Perché il conflitto tra Totti e Spalletti, materia per un racconto omerico dei nostri giorni, viene liquidato come la storiella pop di una lite tra un pupone capriccioso che scalcia nella culla perché si rifiuta che diventi, sportivamente, tomba e una macchietta isterica, “er pelato”, una specie di bestione fegatoso, le cui sanguinarie invettive calano dal mistero di un rancore non bene identificato, o da una suggerita follia latente (facile immaginare come Luciano Spalletti non sia un uomo felice quando si specchia nel suo doppio Tognazzi).

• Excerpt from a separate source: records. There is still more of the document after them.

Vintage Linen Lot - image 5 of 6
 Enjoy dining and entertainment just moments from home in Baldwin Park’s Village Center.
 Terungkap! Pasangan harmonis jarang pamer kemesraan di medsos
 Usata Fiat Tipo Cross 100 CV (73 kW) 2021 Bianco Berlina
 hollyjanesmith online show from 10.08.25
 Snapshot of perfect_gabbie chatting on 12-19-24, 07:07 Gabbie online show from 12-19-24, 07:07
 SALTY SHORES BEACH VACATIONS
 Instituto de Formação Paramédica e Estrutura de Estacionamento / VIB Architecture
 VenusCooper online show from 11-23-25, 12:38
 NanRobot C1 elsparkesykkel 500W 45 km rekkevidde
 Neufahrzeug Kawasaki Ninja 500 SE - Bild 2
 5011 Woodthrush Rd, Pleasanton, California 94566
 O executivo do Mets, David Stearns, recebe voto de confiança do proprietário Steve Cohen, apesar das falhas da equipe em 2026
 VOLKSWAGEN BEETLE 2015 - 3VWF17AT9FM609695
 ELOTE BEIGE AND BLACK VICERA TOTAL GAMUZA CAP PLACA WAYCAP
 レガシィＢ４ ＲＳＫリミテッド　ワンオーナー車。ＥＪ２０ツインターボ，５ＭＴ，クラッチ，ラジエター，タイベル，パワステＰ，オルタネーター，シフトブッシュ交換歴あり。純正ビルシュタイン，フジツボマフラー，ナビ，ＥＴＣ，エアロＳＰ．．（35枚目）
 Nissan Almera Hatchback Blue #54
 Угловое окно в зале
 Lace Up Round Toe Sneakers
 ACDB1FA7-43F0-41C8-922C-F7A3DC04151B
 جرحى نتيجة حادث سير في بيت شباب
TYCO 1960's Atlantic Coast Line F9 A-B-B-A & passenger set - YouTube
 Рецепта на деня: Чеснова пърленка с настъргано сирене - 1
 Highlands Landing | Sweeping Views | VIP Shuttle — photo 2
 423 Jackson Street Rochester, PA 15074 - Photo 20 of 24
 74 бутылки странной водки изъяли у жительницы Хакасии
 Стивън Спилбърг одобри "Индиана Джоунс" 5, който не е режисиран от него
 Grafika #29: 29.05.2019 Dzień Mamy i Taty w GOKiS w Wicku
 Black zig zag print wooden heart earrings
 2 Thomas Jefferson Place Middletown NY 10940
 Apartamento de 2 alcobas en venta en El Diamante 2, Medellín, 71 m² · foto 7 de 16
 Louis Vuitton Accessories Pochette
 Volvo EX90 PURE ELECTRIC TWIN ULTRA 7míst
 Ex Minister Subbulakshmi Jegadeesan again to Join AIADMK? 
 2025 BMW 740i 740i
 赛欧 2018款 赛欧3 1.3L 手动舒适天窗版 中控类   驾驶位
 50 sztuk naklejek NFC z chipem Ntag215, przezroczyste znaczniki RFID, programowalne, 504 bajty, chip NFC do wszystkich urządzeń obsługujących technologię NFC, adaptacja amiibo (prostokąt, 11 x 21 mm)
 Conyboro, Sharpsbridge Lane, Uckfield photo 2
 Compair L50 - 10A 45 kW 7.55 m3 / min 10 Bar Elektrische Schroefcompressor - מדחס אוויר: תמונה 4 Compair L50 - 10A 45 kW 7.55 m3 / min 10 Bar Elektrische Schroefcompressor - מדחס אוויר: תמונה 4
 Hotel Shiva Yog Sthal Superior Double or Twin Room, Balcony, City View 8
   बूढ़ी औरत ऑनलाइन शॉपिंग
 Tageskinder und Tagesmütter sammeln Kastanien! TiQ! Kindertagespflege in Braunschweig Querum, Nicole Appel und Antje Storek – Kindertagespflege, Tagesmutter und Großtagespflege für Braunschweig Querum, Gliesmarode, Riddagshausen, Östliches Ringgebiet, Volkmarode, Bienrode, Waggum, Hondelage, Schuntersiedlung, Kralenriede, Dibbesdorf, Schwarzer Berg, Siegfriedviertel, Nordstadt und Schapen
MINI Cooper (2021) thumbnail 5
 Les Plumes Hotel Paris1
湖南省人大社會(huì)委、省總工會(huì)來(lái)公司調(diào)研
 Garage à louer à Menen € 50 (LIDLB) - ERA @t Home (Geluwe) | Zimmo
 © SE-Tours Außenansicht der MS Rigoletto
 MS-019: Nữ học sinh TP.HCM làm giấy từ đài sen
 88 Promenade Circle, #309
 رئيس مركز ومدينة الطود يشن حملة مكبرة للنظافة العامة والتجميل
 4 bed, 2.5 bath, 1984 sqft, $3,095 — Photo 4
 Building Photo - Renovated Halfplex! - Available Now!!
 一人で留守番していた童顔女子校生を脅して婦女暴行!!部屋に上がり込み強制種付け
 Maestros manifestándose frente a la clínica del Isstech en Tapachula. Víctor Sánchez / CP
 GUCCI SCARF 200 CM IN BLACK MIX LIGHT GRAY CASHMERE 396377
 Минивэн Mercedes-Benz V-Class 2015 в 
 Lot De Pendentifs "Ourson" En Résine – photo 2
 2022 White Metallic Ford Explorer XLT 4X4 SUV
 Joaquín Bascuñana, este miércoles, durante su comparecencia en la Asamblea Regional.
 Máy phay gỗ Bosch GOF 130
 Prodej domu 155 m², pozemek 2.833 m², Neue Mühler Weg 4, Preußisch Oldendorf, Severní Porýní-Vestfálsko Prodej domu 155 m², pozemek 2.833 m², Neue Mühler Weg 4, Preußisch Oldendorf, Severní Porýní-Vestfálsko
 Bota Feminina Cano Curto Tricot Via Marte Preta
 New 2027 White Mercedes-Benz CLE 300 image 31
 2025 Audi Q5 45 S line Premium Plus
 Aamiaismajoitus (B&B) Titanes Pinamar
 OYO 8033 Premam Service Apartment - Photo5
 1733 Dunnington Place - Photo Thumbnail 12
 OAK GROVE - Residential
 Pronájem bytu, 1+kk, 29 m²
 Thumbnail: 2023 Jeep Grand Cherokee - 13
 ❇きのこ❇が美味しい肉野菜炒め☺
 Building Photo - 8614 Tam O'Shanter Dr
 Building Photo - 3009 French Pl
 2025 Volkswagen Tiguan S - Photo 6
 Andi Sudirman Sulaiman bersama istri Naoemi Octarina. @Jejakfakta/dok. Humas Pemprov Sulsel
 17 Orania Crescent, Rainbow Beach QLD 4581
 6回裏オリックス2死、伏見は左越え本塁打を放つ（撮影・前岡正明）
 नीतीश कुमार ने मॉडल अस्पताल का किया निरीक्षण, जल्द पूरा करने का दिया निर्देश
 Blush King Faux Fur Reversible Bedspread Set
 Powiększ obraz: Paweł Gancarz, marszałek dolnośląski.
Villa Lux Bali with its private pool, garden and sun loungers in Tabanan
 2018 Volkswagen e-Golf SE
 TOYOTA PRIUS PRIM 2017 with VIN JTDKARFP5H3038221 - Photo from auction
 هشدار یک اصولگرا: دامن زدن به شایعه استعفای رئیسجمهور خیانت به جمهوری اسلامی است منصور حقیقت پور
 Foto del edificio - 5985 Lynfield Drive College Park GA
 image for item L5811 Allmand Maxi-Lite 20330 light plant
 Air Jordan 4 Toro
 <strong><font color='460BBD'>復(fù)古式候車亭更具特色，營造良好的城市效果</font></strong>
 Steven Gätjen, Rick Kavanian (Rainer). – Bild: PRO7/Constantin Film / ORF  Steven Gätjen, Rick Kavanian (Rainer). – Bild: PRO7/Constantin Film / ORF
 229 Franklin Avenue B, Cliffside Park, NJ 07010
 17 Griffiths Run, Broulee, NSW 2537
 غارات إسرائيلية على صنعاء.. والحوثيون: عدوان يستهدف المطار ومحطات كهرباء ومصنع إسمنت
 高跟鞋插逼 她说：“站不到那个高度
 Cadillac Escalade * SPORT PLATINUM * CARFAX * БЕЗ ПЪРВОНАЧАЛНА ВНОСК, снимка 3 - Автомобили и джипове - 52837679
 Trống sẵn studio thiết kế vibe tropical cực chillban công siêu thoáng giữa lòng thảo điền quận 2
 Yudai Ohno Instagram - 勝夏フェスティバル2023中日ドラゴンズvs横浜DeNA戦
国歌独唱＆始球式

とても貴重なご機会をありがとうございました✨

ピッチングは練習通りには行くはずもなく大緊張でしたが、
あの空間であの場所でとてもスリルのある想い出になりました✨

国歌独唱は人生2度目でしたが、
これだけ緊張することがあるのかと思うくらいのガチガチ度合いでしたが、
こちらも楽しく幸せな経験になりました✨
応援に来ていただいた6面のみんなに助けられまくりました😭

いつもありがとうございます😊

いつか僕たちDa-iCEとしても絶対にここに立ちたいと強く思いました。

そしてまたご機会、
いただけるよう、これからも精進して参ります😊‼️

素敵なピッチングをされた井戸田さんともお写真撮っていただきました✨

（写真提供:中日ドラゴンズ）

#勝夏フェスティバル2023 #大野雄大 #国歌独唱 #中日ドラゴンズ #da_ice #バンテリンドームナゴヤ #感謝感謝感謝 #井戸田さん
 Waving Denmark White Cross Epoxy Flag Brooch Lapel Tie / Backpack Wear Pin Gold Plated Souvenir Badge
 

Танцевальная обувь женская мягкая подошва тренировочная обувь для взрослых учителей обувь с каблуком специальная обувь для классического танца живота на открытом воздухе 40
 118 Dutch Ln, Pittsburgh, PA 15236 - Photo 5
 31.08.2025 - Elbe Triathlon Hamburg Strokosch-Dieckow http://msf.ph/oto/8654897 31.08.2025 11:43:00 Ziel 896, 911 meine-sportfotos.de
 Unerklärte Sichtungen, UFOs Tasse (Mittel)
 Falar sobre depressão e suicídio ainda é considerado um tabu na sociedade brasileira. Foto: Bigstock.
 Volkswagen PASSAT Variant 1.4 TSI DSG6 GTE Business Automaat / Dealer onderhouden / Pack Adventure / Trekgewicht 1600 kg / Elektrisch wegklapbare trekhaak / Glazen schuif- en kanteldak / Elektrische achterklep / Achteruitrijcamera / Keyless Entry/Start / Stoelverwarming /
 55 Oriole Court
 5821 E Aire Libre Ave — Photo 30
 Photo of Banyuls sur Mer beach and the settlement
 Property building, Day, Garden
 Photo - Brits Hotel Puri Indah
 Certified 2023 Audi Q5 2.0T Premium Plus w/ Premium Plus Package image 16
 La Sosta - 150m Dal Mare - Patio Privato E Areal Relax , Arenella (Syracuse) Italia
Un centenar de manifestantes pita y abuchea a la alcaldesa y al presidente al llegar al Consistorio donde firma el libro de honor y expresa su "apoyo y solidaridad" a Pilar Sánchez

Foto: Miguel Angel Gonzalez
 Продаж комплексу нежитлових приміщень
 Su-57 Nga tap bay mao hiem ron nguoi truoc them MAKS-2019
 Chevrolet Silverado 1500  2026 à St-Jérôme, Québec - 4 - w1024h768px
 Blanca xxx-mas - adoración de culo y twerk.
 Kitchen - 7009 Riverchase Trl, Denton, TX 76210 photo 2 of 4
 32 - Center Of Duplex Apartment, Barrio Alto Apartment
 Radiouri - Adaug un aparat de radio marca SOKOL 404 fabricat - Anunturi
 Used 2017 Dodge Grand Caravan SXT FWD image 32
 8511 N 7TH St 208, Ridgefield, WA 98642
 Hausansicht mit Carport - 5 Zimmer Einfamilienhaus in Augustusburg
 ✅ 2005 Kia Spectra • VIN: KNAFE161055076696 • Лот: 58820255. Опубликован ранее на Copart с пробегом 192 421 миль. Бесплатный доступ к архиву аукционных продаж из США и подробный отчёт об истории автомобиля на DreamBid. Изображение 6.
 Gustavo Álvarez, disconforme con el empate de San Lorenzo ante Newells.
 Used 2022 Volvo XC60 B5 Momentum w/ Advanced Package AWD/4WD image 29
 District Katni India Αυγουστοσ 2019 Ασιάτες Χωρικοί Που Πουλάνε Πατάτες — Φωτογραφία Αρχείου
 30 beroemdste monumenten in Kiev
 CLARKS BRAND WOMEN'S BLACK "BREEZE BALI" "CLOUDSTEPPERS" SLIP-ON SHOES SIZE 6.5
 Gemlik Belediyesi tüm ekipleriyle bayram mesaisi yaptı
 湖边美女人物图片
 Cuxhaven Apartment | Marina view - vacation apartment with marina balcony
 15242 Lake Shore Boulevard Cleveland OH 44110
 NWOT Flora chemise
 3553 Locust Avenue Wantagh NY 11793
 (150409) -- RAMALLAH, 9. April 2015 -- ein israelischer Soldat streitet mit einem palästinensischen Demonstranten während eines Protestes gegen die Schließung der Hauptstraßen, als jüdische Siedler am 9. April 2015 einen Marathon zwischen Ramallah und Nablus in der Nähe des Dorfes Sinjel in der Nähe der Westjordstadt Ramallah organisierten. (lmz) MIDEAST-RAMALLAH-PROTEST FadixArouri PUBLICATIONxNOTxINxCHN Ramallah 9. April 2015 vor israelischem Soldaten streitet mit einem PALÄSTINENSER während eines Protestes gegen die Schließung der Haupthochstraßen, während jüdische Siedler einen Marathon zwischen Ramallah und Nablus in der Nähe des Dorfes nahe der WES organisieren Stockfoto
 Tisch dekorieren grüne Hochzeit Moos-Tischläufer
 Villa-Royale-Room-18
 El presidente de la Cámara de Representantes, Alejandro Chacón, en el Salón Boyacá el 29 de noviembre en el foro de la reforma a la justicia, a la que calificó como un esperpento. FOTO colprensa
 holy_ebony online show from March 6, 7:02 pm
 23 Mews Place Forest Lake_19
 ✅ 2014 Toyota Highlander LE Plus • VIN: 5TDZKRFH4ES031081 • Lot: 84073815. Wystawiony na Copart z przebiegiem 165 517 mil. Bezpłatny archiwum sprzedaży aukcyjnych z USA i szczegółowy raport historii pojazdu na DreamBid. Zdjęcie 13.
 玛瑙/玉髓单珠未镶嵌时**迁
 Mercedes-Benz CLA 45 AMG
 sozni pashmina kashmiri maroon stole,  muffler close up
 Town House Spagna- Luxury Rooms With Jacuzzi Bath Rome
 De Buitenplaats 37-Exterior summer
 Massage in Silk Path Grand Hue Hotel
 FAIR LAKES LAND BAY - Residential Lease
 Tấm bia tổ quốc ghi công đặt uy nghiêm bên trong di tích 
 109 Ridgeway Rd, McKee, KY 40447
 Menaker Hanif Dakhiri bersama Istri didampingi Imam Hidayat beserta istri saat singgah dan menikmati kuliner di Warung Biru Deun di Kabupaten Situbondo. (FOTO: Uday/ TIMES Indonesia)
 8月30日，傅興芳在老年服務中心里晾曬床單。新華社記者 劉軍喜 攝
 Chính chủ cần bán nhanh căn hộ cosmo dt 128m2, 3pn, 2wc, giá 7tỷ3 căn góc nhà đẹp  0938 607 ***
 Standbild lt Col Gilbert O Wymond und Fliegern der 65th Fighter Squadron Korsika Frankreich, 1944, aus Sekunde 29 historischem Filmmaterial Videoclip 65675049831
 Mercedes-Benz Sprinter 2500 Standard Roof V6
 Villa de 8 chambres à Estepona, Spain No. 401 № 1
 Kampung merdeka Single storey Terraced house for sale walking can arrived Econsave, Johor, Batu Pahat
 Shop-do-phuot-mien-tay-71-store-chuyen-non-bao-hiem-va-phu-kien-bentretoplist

Magnifico Pietro Castellitto che, partendo dall’handicap di una dissomiglianza assoluta (somiglia molto più ad Aquilani che a Totti), restituisce con una precisione che ha del transfert medianico la caricatura pubblica di Francesco, il personaggio che negli anni si è sovrapposto alla persona. La stessa indolenza, gli stessi semitoni soffiati e strascicati, quegli sguardi persi nel vuoto, tra fissità e buffe torsioni, quel “sonnambullismo” sfottente e pacioso del “v’avemo purgato”. Stravaccato nella confortevole poltrona del proprio smisurato talento (“il dono, questo c’ho io”), che viene da chissà dove. Forzando, ma non troppo, diremmo che se Lebowski avesse avuto i piedi e fosse nato a Porta Metronia, il pallone invece che la Marijuana, sarebbe stato Totti. E viceversa.